| RAW DATA |
####

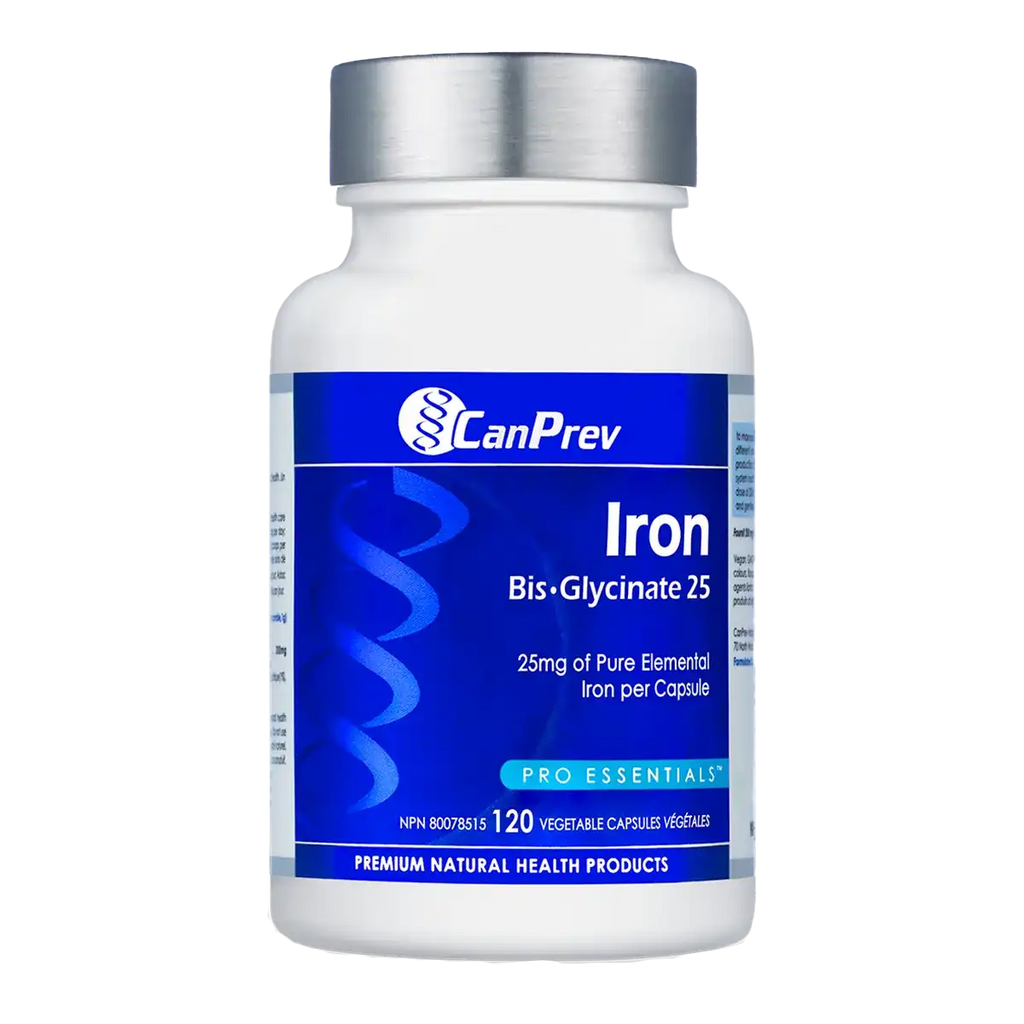 CanPrev Iron Bis-Glycinate 25 bottle, front label view. 120 vegetable capsules.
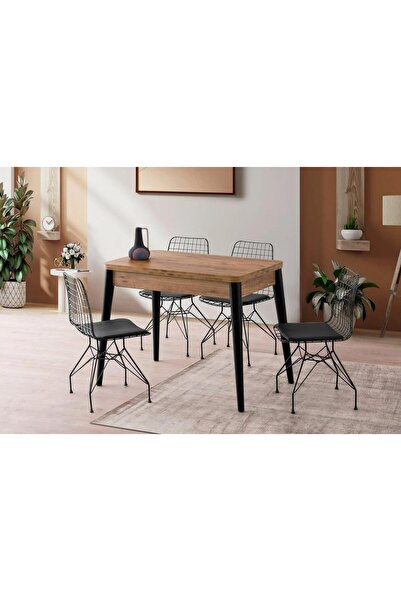 Levent Mobilya Aksesuar Turna Masa, Tel Sandalye, Atlantik Çam, 100x60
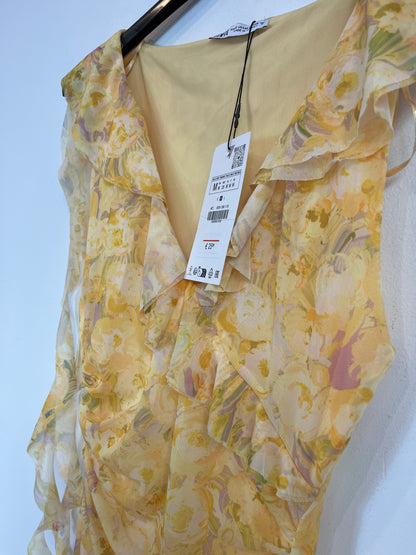 zara yellow floral dress Silk Satin Short Puff Sleeve Bustier Mini Bodycon D Brie ZARA. Yellow tulle dress TM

####

| WHAT NEEDS TO BE DONE |
Transcribe the whole listing, character for character, but not its images.

| OUTPUT OF THE EXERCISE |
 CanPrev Iron Bis-Glycinate 25 bottle, front label view. 120 vegetable capsules.
 Levent Mobilya Aksesuar Turna Masa, Tel Sandalye, Atlantik Çam, 100x60
 zara yellow floral dress Silk Satin Short Puff Sleeve Bustier Mini Bodycon D Brie ZARA. Yellow tulle dress TM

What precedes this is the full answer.